CULTURE: THE STORY OF US , FROM CAVE ART TO K-POP By Martin Puchner

I enjoyed Martin Puchner’s The Written World so much I decided to read his new book, Culture: The Story of US, From Cave Art to K-Pop. Puchner takes the reader around the world in this wide-ranging survey of world cultures.

My favorite chapter is Chapter 13: George Eliot Promotes the Science of the Past. I learned a lot about Mary Ann Evans (aka, “George Eliot”) that I didn’t know. I didn’t know she translated the works of German philosopher Ludwig Feuerbach. I discovered she read Hegel and incorporated some of his ideas about History into Middlemarch (1871). And I learned she wrote an essay entitled “Silly Novels by Lady Novelists” that I will have to track down and read.

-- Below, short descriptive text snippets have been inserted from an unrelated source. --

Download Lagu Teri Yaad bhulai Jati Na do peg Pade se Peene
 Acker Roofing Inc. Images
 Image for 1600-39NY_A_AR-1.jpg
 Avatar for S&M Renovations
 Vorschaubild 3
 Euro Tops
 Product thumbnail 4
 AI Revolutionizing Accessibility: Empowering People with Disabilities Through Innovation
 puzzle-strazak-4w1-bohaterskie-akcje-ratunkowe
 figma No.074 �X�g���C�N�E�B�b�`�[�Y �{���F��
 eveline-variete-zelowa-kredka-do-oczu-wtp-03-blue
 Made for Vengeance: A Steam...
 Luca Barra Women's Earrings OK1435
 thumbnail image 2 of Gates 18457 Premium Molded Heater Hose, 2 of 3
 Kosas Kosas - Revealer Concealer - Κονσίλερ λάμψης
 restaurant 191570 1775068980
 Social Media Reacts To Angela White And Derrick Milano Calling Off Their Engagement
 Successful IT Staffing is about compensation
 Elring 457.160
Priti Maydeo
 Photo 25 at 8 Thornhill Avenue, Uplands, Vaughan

If you’re in the mood for a breezy tour of thousands of years of cultural development all over the world, Martin Puchner’s Culture is your ticket. GRADE: B+

TABLE OF CONTENTS:

Preface: How culture works — xi

Introduction: Inside the Chauvet Cave, 35,000 BCE — xii

Queen Nefertiti and her faceless god — 1

Plato burns his tragedy and invents a history — 23

King Ashoka sends a message to the future — 36

A south Asian goddess in Pompeii — 53

A Buddhist pilgrim in search of ancient traces — 70

The Pillow Book and some perils of cultural diplomacy — 87

When Baghdad became a storehouse of wisdom — 105

The Queen of Ethiopia welcomes the raiders of the ark — 123

One Christian mystic and the three revivals of Europe — 140

The Aztec capital faces its European enemies and admirers — 164

A Portuguese sailor writes a global epic — 185

Enlightenment in Saint-Domingue and in a Parisian salon — 206

George Eliot promotes the science of the past — 227

A Japanese wave takes the world by storm — 246

The drama of Nigerian independence — 266

Epilogue: Will there be a library in 2114 CE? — 287

Acknowledgements — 305

Notes — 309

Index — 337

10 thoughts on “CULTURE: THE STORY OF US , FROM CAVE ART TO K-POP By Martin Puchner

  1. Jeff+Meyerson

    Nah, that’s a pass for me. Too many books, too little time. All week I dread looking at my email because I keep getting notices from the Brooklyn Public Library that an ebook I’ve reserved is ready to be checked out. Why do they all come at once?

    Reply
    1. george Post author

      Jeff, I know that feeling. I dread going to the Library to find FOUR books came in at the same time. That just happened to me last week!

      Reply
  2. wolfi7777

    Too many books and not enough time …
    I thought the name was familiar so I looked him up on German wiki.
    Yes he’s a German, studied near where I live in Konstanz and then went on to the USA to have a career, switching universities regularly.
    His name is pronounced poo-ch-ner but I think the German “ch” sound doesn’t exist in the English language, just as we don’t have the “th”.